About six months after that was handled, I moved back to my parents’ house temporarily in Kola, seeing that there was nothing keeping me there in New York City anyway. During my pregnancy I continued to work, just little jobs that were easy for me, day cares, call centers, substitute teaching, things like that. For eight months and a week, I endured every punch that came with my pregnancy and kept going. I went to all the baby classes by myself and kept my head up high to be strong for my son.
I went into labor on the bus ride to my parents’ house from work and I was so scared. I was alone and had nothing ready for the hospital. I called my mom as soon as I could and talked her through everything I needed and told her to meet me there. The bus driver was nice enough to drop me off at the hospital, and congratulated me on my ‘little blessing’.
When I saw my mom, I was overwhelmed with emotion. I had no idea what to do and I was just overall just scared that this was finally happening. She was able to get me to relax and told me. “This baby needs you, Natalie. You gave him this life, now let him start his journey on living it. You will always be there for him no matter what, don’t let him down now because you are scared. Show him how strong you are, how dedicated you are to being his mother. _:”

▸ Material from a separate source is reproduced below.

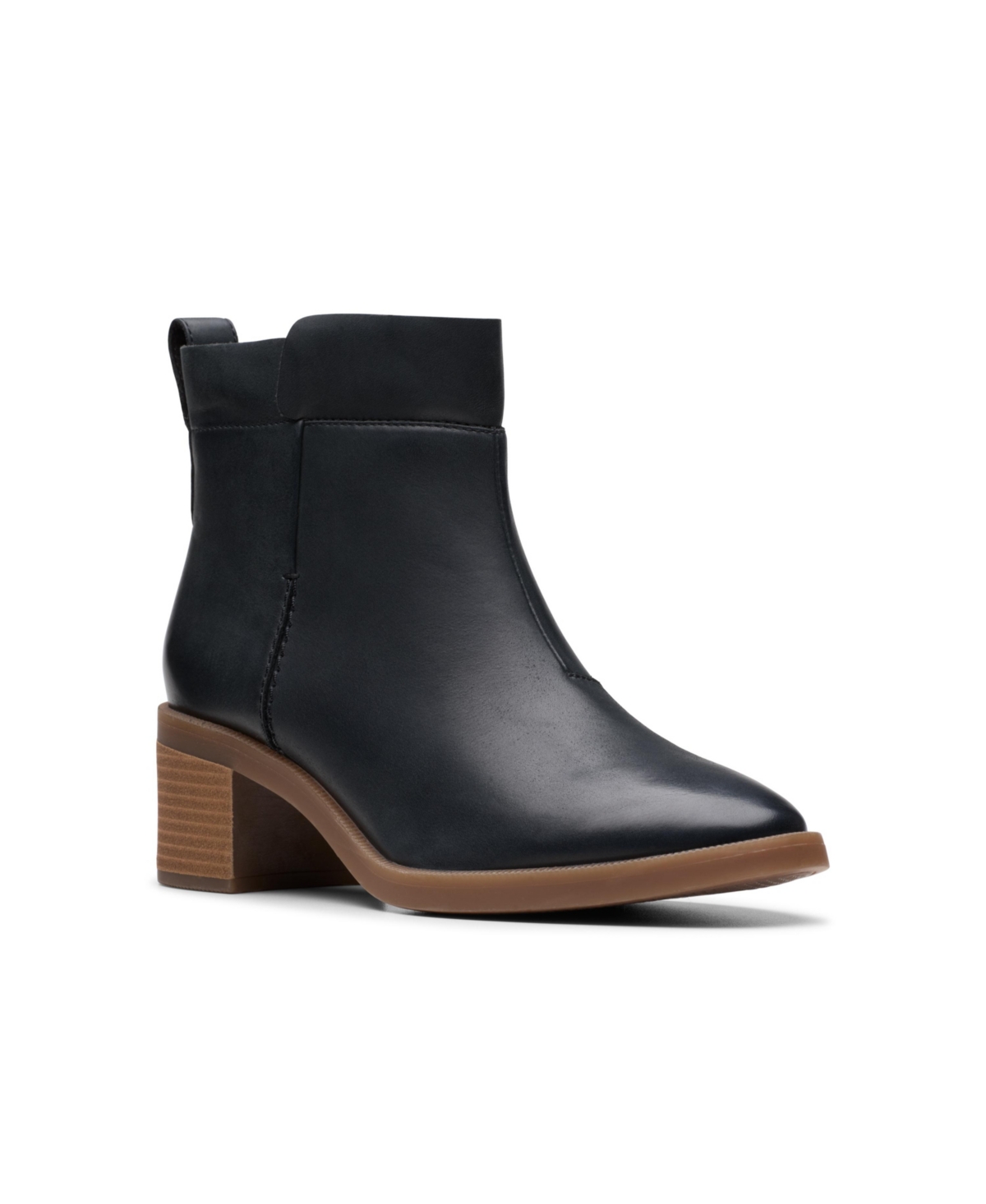 Clarks Lileigh Charm Leather Boot In Black Leather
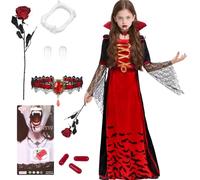 Costume Vampira Bambina Gotica,7 Pezzi Reale Vestito Halloween Bambina Denti Vampiro,Sangue Finto Accessori Vampira,Costume Regina Vampiro,Elegante Travestimento per Carnevale Cosplay XL(12-15 Anni)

After being in labor for almost 14 hours, 7 pounds and 10 ounces, Kian Elijah, named after my father Lucas Kian and my grandfather Elijah, entered our lives and would forever change them. I couldn’t have done it without of the support of my family being there for me. After Kian was born, having their help was a great blessing, but I knew that I had to step up and take responsibility. So Kian and I left my mother’s house and moved into a small one bedroom apartment, that way I have some independence when it came to raising my son. I am not too far away from my family, so they are always nearby if I need help which is nice. But like I told my mom, “This was my choice. If I am going to do this, then I need to do this my way and raise my son to be the great man that I know he will become. He will be unconditionally loved by everyone in this family, and that is all he needs, is this family.”
Kian is now four months old and I am blessed for his happiness, health, and strength. Not only his, but the strength he has given me as being his mom.